*BRIEF:* Copy each line of the listing where the word "background" can be found.

*RECORDS FOR THIS TASK:*
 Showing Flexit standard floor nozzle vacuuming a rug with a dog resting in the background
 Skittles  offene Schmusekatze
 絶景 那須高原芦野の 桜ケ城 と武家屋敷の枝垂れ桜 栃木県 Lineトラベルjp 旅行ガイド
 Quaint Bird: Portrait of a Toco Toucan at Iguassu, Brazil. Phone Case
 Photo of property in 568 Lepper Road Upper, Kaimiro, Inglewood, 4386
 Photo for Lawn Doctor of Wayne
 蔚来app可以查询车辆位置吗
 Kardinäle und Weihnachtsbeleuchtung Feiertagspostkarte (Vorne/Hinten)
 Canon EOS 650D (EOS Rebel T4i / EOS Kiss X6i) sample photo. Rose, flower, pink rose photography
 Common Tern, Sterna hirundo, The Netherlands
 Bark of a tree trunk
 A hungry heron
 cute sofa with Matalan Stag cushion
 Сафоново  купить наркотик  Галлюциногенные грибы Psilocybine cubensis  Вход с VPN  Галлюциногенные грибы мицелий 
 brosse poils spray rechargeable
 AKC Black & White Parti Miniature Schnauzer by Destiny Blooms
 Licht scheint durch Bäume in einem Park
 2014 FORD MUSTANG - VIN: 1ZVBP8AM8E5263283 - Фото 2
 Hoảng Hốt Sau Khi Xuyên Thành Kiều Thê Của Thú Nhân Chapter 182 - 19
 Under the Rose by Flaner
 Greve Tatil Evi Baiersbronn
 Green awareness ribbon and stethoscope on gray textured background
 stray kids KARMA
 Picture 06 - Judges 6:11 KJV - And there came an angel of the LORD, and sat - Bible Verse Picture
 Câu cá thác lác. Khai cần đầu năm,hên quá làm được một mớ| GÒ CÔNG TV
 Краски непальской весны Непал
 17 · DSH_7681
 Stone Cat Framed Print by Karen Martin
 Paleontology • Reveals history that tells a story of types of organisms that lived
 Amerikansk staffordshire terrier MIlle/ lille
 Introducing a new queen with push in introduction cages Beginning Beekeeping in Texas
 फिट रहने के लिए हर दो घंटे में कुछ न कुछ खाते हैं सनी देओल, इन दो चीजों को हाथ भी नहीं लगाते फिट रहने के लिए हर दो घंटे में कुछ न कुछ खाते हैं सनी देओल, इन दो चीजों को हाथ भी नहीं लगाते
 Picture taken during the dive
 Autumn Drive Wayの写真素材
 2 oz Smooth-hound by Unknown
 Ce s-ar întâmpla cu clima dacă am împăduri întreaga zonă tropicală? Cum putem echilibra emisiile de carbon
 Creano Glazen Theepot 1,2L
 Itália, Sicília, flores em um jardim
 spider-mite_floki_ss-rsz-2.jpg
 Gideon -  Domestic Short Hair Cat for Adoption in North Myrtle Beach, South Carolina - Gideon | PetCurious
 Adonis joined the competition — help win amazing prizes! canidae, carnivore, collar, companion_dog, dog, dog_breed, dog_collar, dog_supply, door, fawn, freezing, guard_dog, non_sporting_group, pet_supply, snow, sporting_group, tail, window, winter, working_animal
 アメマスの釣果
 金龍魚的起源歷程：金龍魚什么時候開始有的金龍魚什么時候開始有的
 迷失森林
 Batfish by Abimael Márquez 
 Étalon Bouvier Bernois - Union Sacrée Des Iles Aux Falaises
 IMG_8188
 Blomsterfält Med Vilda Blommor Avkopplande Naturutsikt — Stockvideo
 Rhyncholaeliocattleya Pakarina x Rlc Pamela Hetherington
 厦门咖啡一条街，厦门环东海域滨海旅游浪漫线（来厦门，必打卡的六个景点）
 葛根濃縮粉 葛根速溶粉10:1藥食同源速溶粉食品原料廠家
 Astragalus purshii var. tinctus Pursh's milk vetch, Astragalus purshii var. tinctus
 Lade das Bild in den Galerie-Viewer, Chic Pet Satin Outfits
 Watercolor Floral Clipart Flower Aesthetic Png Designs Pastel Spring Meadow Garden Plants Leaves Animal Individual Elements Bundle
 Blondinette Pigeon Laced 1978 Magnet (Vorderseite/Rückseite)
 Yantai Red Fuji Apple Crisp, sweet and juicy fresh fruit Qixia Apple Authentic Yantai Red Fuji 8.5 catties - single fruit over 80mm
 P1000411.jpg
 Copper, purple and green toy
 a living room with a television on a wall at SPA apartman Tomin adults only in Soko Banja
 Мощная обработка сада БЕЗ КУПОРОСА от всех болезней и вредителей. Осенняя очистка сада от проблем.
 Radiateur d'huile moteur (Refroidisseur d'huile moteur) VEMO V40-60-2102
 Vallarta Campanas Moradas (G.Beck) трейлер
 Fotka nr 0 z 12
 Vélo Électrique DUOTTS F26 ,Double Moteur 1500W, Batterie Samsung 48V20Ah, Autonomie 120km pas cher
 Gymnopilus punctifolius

*ANSWER AREA:*
 Showing Flexit standard floor nozzle vacuuming a rug with a dog resting in the background
 Green awareness ribbon and stethoscope on gray textured background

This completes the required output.